▸ Data section:
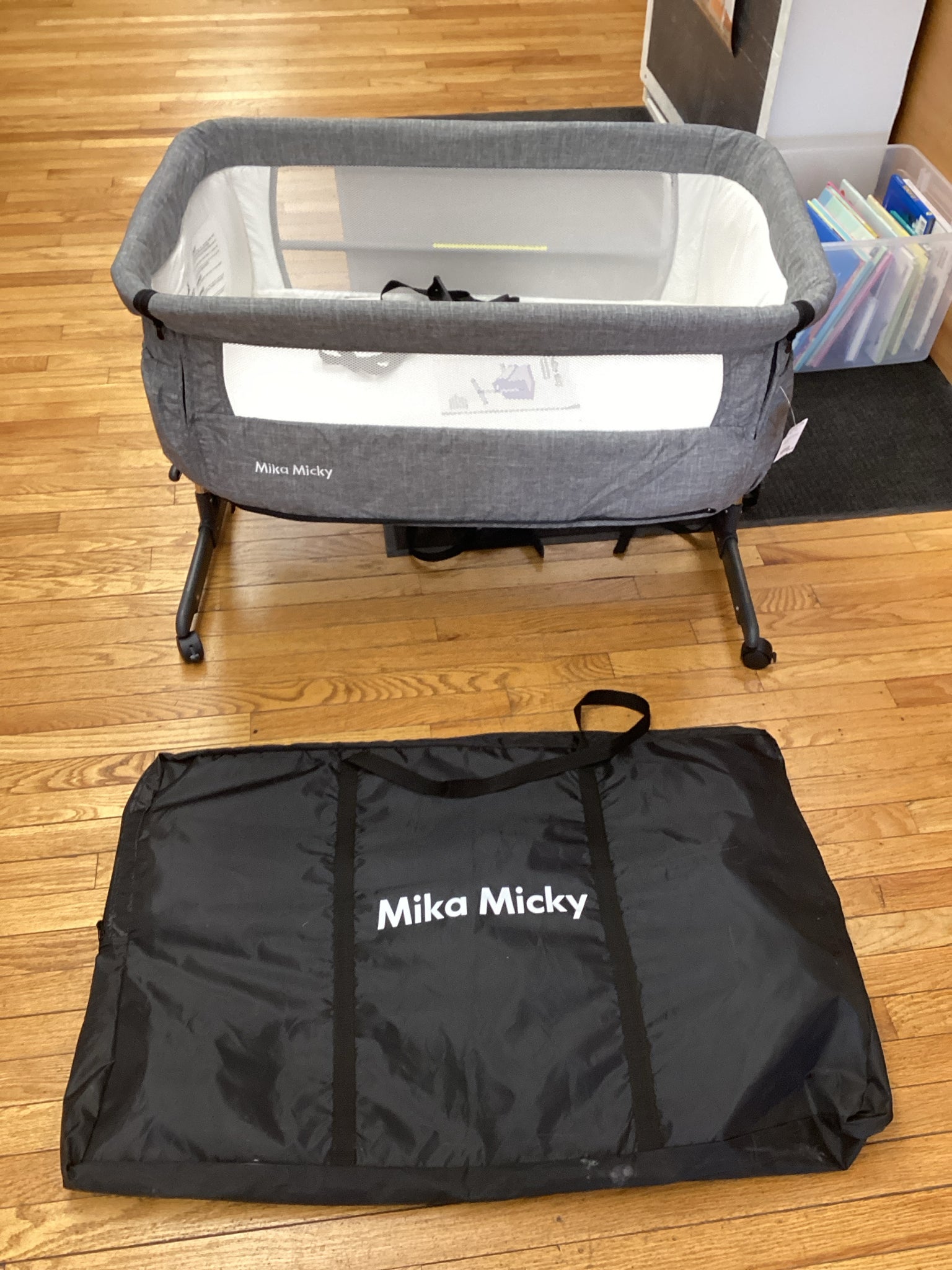 Mika Micky Bedside Sleeper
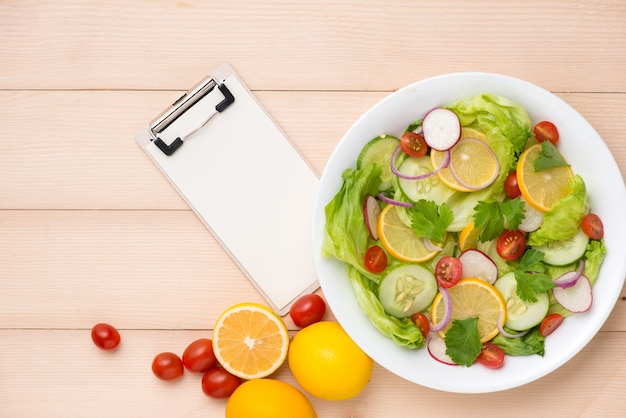 Cardápio, receita de comida, papel e salada fresca caseira.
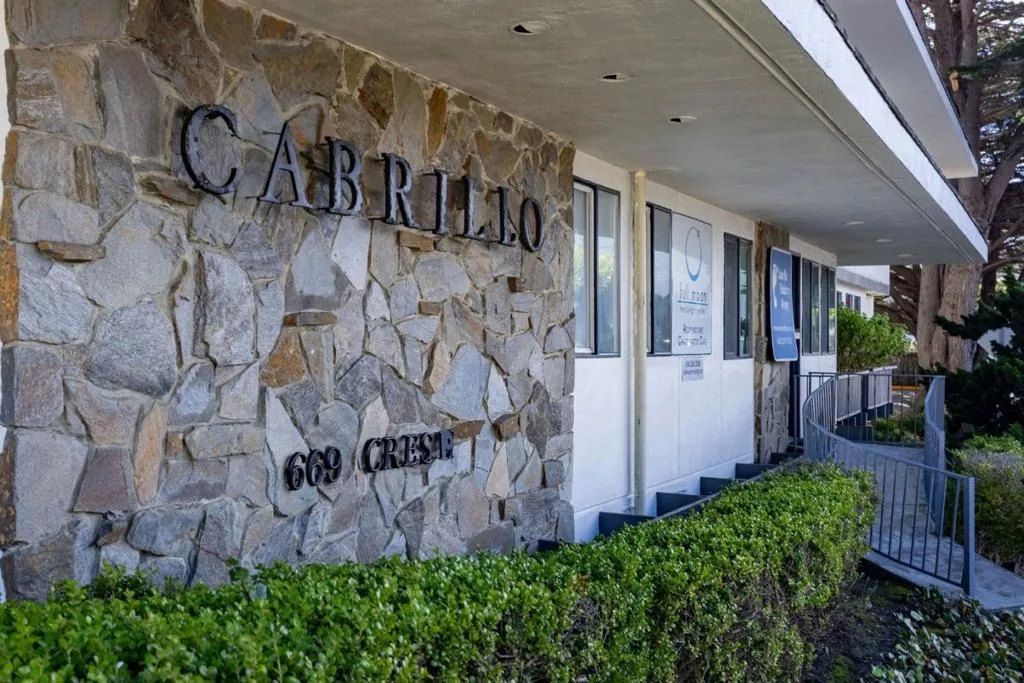 667 Crespi Drive, Pacifica, California 94044 — photo 5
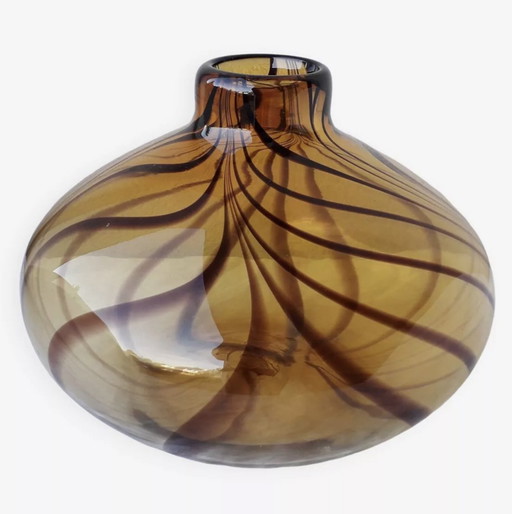 Vase En Verre Soufflé, À Motif Zébré, De Couleur Ambrée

▸ Requirement:
Give back the listing unchanged. Strip out the pictures.

▸ Response area:
 Mika Micky Bedside Sleeper
 Cardápio, receita de comida, papel e salada fresca caseira.
 667 Crespi Drive, Pacifica, California 94044 — photo 5
 Vase En Verre Soufflé, À Motif Zébré, De Couleur Ambrée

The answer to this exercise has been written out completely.